Salamander

Elif Nur Adıgüzel, İstanbul Teknik Üniversitesi Mimari Tasarım Yüksek Lisans / 13 Kasım 2020
Elif Nur Adıgüzel, MeMALondon'ın 2020 AIA UK Excellence in Design Award kısa listesine seçilen, küçük bir çocuğun kendini "Salamander" olarak tariflemesinden yola çıkan ağaç - oyun evi projesini anlatıyor.

"İki ağacı kucaklayan Salamander’in ilk görüntüsü benim için adeta Laugier’in İlkel Ev imgesine bir gönderme niteliğinde. Bu defa yapı, dört adet sağlam ağaç parçasının ortasında açığa çıkan kare formlu bir mekandan oluşmuyor; yüz kırk ahşap birim, paslanır çelik ile birleşip, iki ağacın egemenliğinde Kerem’in ilkel kulübesini oluşturuyor. 

Üretim sürecinde atölye ekibinin aklında bu imge var mıydı veya tartışmaya açıldı mı? Bilmiyorum. Ancak tartışmaya açılmasının da gerekli olduğunu düşünmüyorum. Kerem’in kendini salamander olarak tariflemesi, salamanderin getirdiği eylemsellik ve bu eylemselliğin alanda bulunan iki ağaç ile kurduğu ‘saygılı ilişki’, MeMALondon’ın üretiminin ta kendisi. Olabildiğince basit, olabildiğince öz; bundan daha fazlası olmak gibi bir derdi yok. 

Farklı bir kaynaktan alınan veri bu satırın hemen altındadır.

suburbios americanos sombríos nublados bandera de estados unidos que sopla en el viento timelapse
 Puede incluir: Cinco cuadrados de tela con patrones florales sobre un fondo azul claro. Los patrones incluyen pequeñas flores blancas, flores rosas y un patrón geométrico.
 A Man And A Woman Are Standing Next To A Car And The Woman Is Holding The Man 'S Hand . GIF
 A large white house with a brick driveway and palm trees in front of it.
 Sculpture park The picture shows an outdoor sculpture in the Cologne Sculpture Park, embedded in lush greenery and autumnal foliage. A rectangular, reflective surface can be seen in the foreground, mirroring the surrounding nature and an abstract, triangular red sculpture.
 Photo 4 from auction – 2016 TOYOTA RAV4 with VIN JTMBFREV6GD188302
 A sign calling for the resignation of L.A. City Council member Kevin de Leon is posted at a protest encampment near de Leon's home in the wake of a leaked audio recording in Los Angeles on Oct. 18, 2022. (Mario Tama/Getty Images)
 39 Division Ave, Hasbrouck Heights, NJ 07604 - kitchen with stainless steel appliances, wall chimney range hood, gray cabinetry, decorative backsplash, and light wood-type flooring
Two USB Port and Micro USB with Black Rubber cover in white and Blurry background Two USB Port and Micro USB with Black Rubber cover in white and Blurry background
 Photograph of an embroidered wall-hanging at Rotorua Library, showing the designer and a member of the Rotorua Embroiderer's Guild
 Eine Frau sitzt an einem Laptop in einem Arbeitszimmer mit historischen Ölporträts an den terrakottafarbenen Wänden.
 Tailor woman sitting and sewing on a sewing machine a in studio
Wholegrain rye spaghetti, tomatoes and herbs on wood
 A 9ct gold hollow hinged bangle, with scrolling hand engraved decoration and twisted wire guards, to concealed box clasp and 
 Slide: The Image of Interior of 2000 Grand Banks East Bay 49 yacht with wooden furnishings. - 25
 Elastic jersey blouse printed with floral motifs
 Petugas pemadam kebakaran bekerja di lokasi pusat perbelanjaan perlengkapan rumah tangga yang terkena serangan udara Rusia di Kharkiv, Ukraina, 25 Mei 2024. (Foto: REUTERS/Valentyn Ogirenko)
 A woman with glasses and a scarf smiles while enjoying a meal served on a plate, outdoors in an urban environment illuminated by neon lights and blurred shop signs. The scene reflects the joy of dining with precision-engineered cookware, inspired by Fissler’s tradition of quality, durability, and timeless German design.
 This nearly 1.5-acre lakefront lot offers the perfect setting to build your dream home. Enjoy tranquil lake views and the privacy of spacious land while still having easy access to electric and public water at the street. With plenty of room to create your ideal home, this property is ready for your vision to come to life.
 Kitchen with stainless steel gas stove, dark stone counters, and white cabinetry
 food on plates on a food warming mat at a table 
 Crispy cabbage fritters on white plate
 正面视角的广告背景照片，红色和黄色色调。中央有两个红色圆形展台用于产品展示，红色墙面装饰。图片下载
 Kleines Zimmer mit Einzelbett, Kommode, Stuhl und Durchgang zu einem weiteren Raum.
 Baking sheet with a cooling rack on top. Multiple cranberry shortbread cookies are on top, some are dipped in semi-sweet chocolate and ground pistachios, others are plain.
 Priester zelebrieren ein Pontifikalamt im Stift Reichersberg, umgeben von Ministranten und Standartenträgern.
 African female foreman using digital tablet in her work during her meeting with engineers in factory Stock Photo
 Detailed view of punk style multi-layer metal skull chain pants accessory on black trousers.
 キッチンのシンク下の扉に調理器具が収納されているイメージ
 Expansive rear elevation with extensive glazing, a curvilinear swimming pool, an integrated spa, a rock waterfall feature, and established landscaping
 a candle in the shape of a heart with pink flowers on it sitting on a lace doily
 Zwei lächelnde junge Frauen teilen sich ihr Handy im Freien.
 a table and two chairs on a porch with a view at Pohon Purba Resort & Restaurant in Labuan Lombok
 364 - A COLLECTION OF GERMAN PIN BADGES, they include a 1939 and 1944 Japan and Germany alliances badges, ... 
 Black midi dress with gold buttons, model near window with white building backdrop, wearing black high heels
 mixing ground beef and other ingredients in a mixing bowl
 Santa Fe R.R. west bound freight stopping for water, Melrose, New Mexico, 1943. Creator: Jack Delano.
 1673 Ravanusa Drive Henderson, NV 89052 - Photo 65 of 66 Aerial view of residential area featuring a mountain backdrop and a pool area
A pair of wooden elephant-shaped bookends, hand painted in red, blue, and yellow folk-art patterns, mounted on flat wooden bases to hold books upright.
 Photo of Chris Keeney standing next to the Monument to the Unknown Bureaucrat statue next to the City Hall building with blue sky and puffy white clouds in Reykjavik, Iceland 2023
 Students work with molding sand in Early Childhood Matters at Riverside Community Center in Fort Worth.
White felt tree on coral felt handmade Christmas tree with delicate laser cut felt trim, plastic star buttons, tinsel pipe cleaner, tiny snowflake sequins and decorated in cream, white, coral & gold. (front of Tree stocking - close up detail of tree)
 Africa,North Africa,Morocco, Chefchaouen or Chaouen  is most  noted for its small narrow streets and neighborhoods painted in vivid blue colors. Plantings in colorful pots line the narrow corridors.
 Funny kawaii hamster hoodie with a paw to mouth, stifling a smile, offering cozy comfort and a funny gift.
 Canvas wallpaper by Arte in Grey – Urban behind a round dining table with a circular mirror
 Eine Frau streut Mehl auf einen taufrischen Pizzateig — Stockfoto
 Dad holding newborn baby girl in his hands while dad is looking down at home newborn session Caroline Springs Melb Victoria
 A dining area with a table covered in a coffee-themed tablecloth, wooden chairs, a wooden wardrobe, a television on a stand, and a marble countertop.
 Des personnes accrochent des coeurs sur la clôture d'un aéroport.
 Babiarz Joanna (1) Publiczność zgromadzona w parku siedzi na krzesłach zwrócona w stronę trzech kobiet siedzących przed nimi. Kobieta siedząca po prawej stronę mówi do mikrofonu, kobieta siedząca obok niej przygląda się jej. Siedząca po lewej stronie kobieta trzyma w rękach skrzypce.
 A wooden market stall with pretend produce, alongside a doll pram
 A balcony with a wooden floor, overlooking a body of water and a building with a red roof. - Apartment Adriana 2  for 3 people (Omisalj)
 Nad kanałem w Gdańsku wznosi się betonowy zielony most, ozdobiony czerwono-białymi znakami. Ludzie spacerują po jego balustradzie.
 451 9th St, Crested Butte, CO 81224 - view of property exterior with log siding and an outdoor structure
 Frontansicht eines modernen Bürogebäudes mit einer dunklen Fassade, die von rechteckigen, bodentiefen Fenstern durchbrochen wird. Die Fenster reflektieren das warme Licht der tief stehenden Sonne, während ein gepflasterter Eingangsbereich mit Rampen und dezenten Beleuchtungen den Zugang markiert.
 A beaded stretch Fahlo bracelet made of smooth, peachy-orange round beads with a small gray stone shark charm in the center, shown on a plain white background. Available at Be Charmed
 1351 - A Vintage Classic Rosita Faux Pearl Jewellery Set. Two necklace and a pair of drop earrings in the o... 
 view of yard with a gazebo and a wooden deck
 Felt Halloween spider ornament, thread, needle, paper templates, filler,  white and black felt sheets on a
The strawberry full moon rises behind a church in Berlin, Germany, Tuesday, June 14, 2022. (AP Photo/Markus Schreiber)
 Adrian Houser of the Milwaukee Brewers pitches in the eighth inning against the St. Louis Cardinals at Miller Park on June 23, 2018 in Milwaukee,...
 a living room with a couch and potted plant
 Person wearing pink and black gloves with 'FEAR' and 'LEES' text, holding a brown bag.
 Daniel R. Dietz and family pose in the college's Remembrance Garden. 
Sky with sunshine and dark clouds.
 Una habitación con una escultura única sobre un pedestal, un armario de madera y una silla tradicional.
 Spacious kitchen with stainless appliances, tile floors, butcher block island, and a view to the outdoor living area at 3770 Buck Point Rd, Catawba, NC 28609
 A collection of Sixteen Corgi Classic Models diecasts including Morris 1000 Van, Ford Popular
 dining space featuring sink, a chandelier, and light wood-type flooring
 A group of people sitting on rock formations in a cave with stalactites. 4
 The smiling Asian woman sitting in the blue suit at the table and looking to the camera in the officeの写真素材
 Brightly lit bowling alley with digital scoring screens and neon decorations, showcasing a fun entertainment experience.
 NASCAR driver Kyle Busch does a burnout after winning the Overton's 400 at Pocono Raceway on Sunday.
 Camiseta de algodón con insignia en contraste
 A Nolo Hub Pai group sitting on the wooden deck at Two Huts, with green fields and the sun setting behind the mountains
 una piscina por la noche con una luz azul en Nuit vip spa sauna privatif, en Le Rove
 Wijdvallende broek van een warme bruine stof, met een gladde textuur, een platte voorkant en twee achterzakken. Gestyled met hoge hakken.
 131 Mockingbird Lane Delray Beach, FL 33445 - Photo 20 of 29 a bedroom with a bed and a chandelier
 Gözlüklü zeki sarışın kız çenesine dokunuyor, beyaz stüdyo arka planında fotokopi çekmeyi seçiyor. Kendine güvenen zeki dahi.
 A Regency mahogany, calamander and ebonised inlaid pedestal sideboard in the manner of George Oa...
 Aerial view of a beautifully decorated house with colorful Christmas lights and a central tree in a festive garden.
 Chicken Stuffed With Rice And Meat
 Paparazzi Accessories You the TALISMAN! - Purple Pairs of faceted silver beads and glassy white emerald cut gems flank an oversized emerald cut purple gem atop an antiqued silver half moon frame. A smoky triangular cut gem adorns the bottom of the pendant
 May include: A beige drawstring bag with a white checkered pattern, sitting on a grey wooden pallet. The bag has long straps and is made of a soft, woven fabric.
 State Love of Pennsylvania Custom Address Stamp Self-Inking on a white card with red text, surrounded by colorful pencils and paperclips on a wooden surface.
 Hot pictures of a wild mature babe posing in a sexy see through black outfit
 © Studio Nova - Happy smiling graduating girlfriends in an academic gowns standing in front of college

Yapının tasarım öyküsü, yapıyı ağaç-oyun evi olarak kullanan 3 yaşındaki Kerem’in kendini salamander olarak tanımlamasıyla başlamış. Salamander, sürünmeyi ve tırmanmayı seven bir sürüngen türü. Projeye de ismini veren bu canlı, yapıyı oluşturan programatik kurgunun da bel kemiği. Yapı aynı salamanderin hareketleri gibi Kerem’e tırmanma, kayma, koşma, yürüme ve zıplama eylemleri için mekan sağlıyor. 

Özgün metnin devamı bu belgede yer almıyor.